Selefilik, İslam düşünce tarihinde kelam, felsefe ve tasavvuftan farklı özellikler taşıyan ayrı bir damardır. Selefiliğin selef anlayışı ile gerçek selef olan Selef-i Salihin’in arasında büyük farklar vardır. Selefilik akımı, her ne kadar Selef'in anlayış ve uygulamalarını esas aldığını söylüyorsa da, hakikatte Selef-i Salihin’in anlayış ve uygulamalarıyla bağdaştırılamayan birçok fikir ve görüşler benimsemişlerdir. Onların reddedici, dışlayıcı, katı ve tekelci anlayışı, ne “Ehl-i Sünnet-i Hâssa” dediğimiz Selef’te, ne de “Ehl-i Sünnet-i Amme” dediğimiz Halef'te görülür.

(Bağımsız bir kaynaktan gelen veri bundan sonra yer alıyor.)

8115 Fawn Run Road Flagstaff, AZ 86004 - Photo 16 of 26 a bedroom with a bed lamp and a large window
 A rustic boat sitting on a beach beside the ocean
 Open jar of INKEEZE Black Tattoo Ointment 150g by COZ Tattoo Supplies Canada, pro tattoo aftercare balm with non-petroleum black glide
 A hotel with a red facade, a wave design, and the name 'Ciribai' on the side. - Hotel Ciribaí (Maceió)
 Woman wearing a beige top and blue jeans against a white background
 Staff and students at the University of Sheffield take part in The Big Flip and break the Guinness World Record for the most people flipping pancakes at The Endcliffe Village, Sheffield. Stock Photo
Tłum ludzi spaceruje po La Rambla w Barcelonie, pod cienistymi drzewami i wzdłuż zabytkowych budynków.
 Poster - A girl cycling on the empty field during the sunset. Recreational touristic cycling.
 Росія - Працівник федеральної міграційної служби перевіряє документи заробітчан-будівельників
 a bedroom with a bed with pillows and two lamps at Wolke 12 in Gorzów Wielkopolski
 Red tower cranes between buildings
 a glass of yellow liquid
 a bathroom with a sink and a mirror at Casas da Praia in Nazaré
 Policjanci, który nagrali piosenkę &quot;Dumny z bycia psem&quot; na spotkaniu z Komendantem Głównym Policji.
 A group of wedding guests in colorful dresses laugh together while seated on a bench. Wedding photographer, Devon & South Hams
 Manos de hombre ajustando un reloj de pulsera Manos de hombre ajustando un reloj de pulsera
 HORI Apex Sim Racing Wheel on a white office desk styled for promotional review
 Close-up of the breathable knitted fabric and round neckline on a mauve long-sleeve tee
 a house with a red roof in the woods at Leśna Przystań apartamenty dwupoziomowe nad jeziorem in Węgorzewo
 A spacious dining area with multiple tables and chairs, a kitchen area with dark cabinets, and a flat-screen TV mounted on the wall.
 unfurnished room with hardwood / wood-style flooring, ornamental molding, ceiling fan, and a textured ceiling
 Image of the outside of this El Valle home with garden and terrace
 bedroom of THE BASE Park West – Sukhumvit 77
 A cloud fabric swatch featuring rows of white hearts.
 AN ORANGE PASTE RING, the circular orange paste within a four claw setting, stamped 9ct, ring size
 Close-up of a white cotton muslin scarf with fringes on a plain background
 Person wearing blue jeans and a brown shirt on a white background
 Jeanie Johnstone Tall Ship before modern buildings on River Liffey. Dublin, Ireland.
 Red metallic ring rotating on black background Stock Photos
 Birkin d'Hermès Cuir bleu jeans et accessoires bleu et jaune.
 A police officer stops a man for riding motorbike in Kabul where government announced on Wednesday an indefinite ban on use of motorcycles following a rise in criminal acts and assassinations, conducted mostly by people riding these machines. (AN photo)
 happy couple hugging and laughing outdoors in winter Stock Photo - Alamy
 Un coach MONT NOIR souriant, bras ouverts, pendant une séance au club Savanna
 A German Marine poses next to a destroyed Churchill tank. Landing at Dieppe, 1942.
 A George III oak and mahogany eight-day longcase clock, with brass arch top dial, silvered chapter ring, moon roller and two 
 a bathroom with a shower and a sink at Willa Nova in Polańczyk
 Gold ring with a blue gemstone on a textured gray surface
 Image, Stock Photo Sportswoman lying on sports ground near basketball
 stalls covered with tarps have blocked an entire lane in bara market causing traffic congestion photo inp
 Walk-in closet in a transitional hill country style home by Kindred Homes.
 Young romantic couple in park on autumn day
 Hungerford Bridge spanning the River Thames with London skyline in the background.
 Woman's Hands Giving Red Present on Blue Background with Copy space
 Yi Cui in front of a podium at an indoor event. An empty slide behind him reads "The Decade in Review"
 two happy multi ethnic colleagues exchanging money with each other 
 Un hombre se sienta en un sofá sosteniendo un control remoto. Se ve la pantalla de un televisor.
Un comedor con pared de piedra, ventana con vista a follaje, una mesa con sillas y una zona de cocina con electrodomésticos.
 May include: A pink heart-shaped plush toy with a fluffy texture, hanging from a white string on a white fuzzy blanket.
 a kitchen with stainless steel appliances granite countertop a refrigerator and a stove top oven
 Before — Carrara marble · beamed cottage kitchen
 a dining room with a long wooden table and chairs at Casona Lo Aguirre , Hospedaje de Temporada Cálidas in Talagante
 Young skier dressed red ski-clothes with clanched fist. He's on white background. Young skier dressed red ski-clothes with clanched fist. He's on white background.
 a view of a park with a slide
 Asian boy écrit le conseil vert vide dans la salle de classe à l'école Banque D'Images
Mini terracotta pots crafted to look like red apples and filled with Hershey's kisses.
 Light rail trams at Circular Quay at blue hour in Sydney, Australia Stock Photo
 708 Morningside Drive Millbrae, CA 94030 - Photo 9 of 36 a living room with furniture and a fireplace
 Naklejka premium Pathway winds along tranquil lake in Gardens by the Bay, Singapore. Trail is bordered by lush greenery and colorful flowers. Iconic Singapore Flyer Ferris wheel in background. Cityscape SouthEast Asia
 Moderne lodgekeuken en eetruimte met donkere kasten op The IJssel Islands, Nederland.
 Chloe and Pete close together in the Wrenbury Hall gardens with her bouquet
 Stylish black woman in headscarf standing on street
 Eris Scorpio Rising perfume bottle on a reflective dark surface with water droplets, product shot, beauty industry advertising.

Selefiyye isminde, İslam tarihinde belirli bir mezhep yoktur. Selefilik bir mezhepten çok bir yöntem, yaklaşım tarzı ve anlayışıdır. Bu ekolün, Selef-i Salihin’in ümmetin geneline ait olan mirasına konmak ve kendileri gibi düşünmeyenleri bu mirastan mahrum bırakmak gibi bir eğilim ve dışlamacılık üzerinde olduğu görülmektedir.

Selefiyye’nin Selef-i Salihin ile aynı görülmesi mümkün değildir. Çünkü Selef-i Salihin içine Ehl-i Rey’de  Ehl-i Hadis’te girer, ancak Ehl-i Rey selefiyye ile asla bağdaşmaz. Hz.Ömer (ra), Hz. Ali (ra), Abdullah b. Mesud (ra) herkese göre salih selefidirler. Fakat fırka anlamında Selefiyye’ye  asla sığmayacak kadar cesur ve özgür içtihatlar yapmışlardır. Aynı şekilde İmam Hanefi ve İmam Muhammed Selef-i Salihin’den olmakla birlikte Selefilik akımına mensup sayılmazlar.

Selefilik, Eş’arilerin kuvvetli oldukları bölgelerde ortaya çıkmıştır. Her iki grup ta Selef-i Salihin yolunda olduklarını iddia ettiler. Ancak aralarında anlaşmazlık ve şiddetli tartışmalar olmuştur.

Selefiler Hanbeli mezhebine ait olduklarını ve görüşlerinin İman Hanbeli’ye ait olduğunu söyleseler de, Hanbeli mezhebinin bazı alimleri onların görüşlerinin İmam Hanbeli’ye ait olduğunu kabul etmezler. Çünkü Selef-i Salihin’in ve İmam Hanbeli’nin ehl-i sünnet çizgisinde olmasına karşılık, selefiyyenin küfre giden bazı görüşleri vardır.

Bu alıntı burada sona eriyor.